What a week in the world of finance and investing! From talk of upcoming interest rate hikes, to new GDP data, to earnings reports from big tech companies like Apple, Alphabet, and Amazon (yay, alliteration!), to eye-watering drops in major market indexes on multiple days, to the (enough already!) play-by-play nature of the news around Elon Musk taking Twitter private.

If you are not sure what all this means to you on your investing journey, don’t despair, that’s why FWIW is here! Want to learn more about interest rates and the Fed? We’ve got you! Wondering what all the terms thrown around in all these earnings calls mean? We’re on it. Need to be reminded what it means for a company to be public or private as Elon Musk seems to be on the verge of taking Twitter private? Here’s a handy explainer on private and public companies. We will keep the information, the resources, and the explainers coming so you can always turn to FWIW for that confidence boost or the answer to that investing question you’ve always wanted to ask. We’re here as you look for ways to invest in the world you want and to still have a decent chance of sleeping well at night.

News you can use

Graphic of newspaper with magnifying glass
  • Earth Day love for forests continues. The lungs of our world got a lot of attention this month. President Biden signed an Executive Order to protect old-growth forests and reduce wildfires on federal land, and National Geographic committed its May issue to “Saving Forests” noting “They’re key to protecting the planet. Now they need our help.” This comes as the World Resources Institute reports that the world lost 9.3 million acres of primary old-growth forest in tropical forests in 2021.
  • Paying for college education is the new perk. Tyson Foods announced they will be offering to cover college tuition for all of their 120,000 employees, following the lead of some of their peers, like JBS, and a number of other Fortune 100 companies, including Walmart.
  • America’s EV-related production continues to spread across the country. Just this week, two major EV milestones were hit with the announcement of a $2 billion investment from a Japanese manufacturer in a battery-building plant in Kentucky and the first mass production all-electric pickup, the Ford F-150, rolling out of the factory.

Powered by the 🌞

Graphic of the sun with cord coming from it plugged into the earth.

Renewable energy is getting a lot of attention these days, from those focused on climate change to those who want to reduce our reliance on bad actors to fuel our future. There’s a long way to go to get to a fully renewable future, but solar energy is proving to be a real bright spot. Solar electricity-generating capacity was up 46% last year and the US now has enough solar capacity to power 23 million homes a year.

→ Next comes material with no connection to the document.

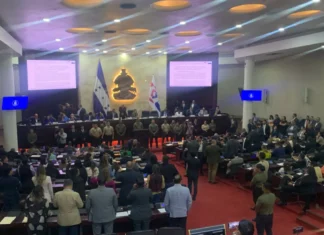 Castigan a 14 diputados de Libre sin 15 días de salario por disturbios en el Congreso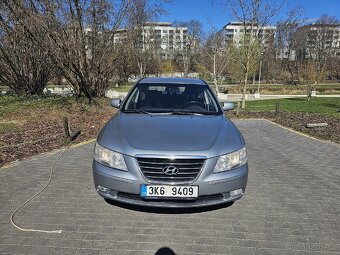 Hyundai Sonata NF 2.0 CRDI - 2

With the sun's rays touching all of us (hence the importance of sunscreen everyone!), many investors are focused on investing in companies innovating to capture the energy of the sun. These include manufacturers of panels, installers, providers of commercial or residential solar power, and those operating solar energy-generating facilities. In short, solar is hot (hee, hee). As part of our continuing focus on specific sectors where investors can find multiple options to invest in solutions, here is a run-down of some of the most common ways to invest in solar.

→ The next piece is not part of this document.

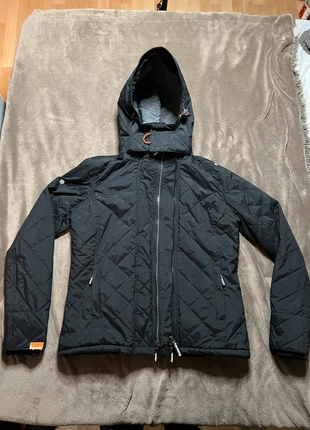 Veste matelassée Superdry noire avec capuche amovible femme, marke: Superdry, zustand: Sehr gut, größe: L / 40 / 12, 45,00 €, 47,95 € inklusive Vinted-Käuferschutz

We are not talking suncatchers

Numerous companies have made great strides in the last decade in manufacturing panels and deploying solar in the United States and worldwide. Some to research: First Solar (FSLR), the largest solar company by market cap; Sunrun (RUN), a leading solar installer; Enphase (ENPH), which produces and provides the micro-processors and batteries that solar systems need; and China-based Jinko (JKS), the largest solar panel producer in the world.

Utilities that have shown a significant commitment to solar

While there are no solar-exclusive utilities in the United States, a number of leading utilities have made significant investments in and commitments to renewable energy, including solar. These include NextEra Energy (NEE), the Florida-based utility that is now the largest producer of wind and solar energy in the world; Duke Energy (DUK), which has retired 54 coal power plants since 2010 and now produces 9% of its power from renewables; Clearwater Energy (CWEN.A), one of the largest developers and operators of clean energy in the United States; and Brookfield Renewable (BAM), which focuses on generating renewable energy that it sells to utilities under long-term power purchase agreements.

The next step in this field may well be large solar arrays focused on central towers to create energy even more efficiently and, when applied to industries like concrete production, reduce carbon footprint. Intrigued? Check out Heliogen.

What about a solar ETF?

After reading last week’s FWIW, you know all about ETFs and Mutual Funds and you would think this could be a great way to put that knowledge into action. It is… and it isn’t. There are only 2 US ETFs focused exclusively on solar: the Invesco Solar ETF (TAN), which seeks to track the MAC Global Solar Energy Index, and Global X Solar ETF, which came to market in September 2021, leaving it with a limited track record.

However, there are many “Clean Energy” and “Renewable Energy” ETFs that include significant holdings in solar for you to consider. iShares Global Clean Energy ETF (ICLN) is a great example, with about 50% of this fund's holdings in solar.

We hope this sunny set of investing options reminds you that moving capital to back innovators and scaling solutions can bring positive returns in the long-term for your portfolio and help solve the critical challenges facing our planet.

Before you go -

If the Great Resignation has you looking for a new gig… The “Penguin Post Office” is hiring. In our books, anything with a penguin in it is a winner.